Sherry Matlock, director of the Grand Kokomo Visitors Bureau, said the loss of the event facility “will definitely have an impact on the community.”
She said the office had previously worked with an organizer of a large annual event to find other locations.
“The Greater Kokomo Visitors Bureau is happy to assist event and meeting planners with alternative options, as we regularly assist those looking to find venues in the Kokomo area to host trade shows, events, meetings, etc., ”Matlock said in an email.
But alternative venues that can host major events are scarce in the county. Hilton said the only place he knows about is some of the buildings at the Howard County Fairgrounds in Greentown.
This has led some organizers to consider the completion of the long-awaited downtown hotel and conference center to bring their events back to the city.
The original developer of the project, Dora Hotel Company, is back at the table after the project has gone through two other developers. More recently, the pandemic has thrown obstacles in the development of the project, which was first announced in 2018.
Howard County Commissioner Paul Wyman said officials are in talks with the preferred developer on the project, but no details are available on the schedule for the start of work.
However, with the news regarding the Kokomo Event and Conference Center, officials have new motivation to keep pushing the project forward, he said.
“Anytime you see something like that happen, it makes you pause,” Wyman said. “But it also forces us to focus on continuing to do things in our community to attract people, and this hotel and conference center is at the top of that list.”
Even when the project is finished, it still won’t be as big as the event center.
Matlock said the proposed downtown conference center measures around 13,000 square feet, but that could be changed.
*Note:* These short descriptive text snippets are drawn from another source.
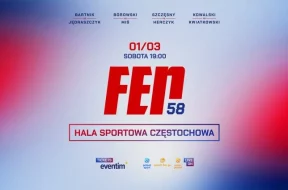 FEN58_PROSTOKĄT-727×425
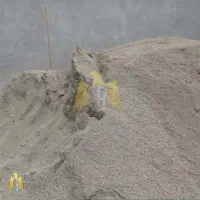 اجاره کارگاه روبروی دانشگاه آزاد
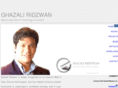 ghazaliridzwan.com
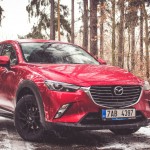 mazda-cx-3-exterior-5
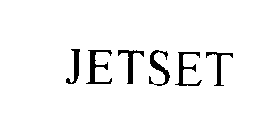 JETSET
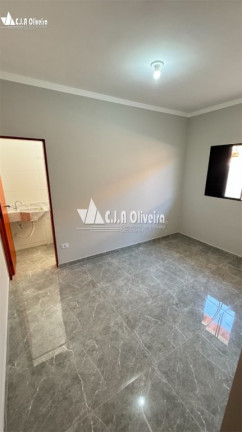 Imagem Casa com 2 Quartos à Venda, 73 m² em Flórida Mirim - Mongaguá Imagem Casa com 2 Quartos à Venda, 73 m² em Flórida Mirim - Mongaguá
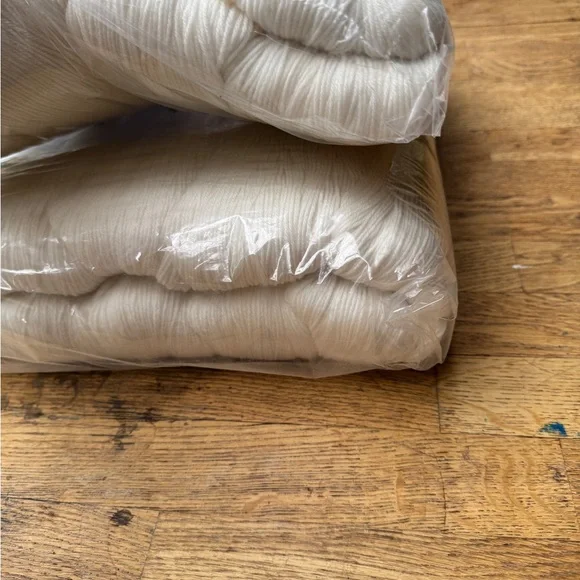 knit picks stroll bare yarn bundle - Picture 2 of 5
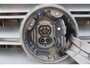 Mercedes-Benz eSprinter 314 L3 H2 Navigatie Camera 270gr deuren Opstap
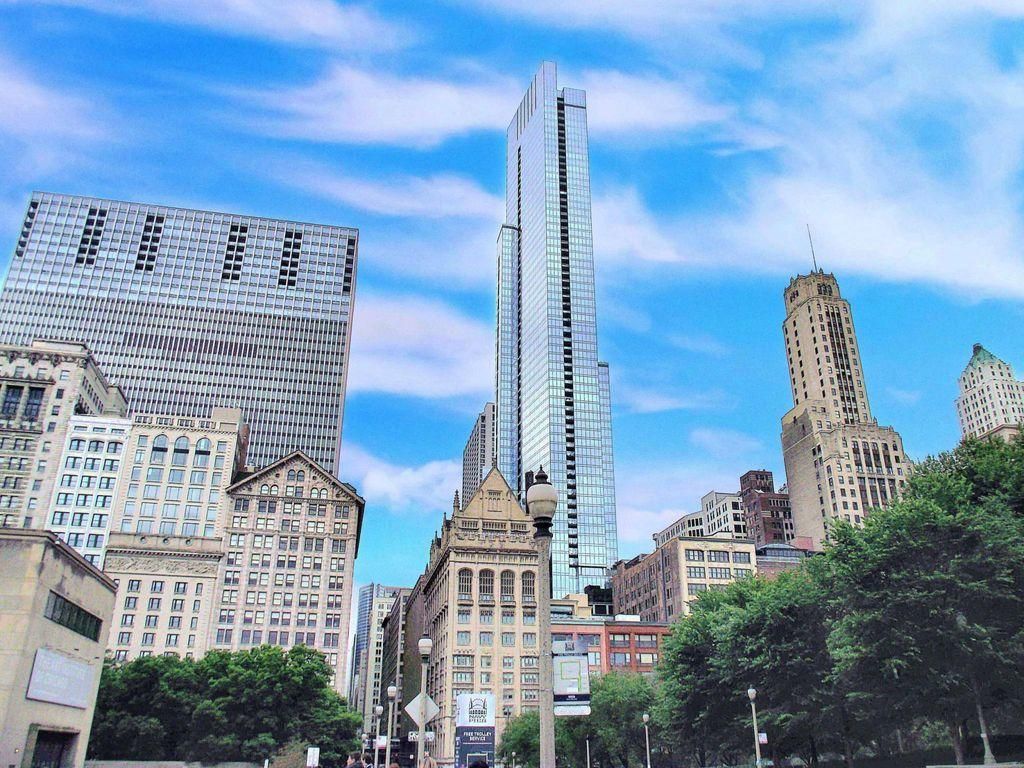 MLS #MRD12564741 image #0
This number includes both a main ballroom and an additional meeting room in several smaller rooms.
According to a READI state grant proposal submitted by the city and county, the conference center could measure up to 44,000 square feet, but that includes housing for the Kokomo Automobile Museum.
Wyman said he believes the downtown convention center will be able to host most of the events that have been held at the Kokomo Event Center, while also attracting new ones that require a hotel to be near or attached to the conference space.
But until it opens, major events that have given the city an economic boost will have to wait or leave Kokomo.
In addition to losing events, the city and county will no longer be able to use the facility for vaccination or testing clinics during the pandemic. It will also no longer serve as a temporary triage point during natural disasters, as it did during the 2016 tornado.
Wyman said the facility would be removed from the county’s disaster plan, but other locations already listed in the plan would be sufficient to meet all disaster needs.
The building was owned by the Howard County Automotive Heritage Museum & Civic Center until 2011, when it was transferred to the Howard County Council of Commissioners. They in turn ceded it to Ivy Tech Kokomo.
In 2016, Kokomoecc LLC, operated by Vernon Graves, Vernon Jr. and Tricia Graves Frazier, purchased the facility from Ivy Tech.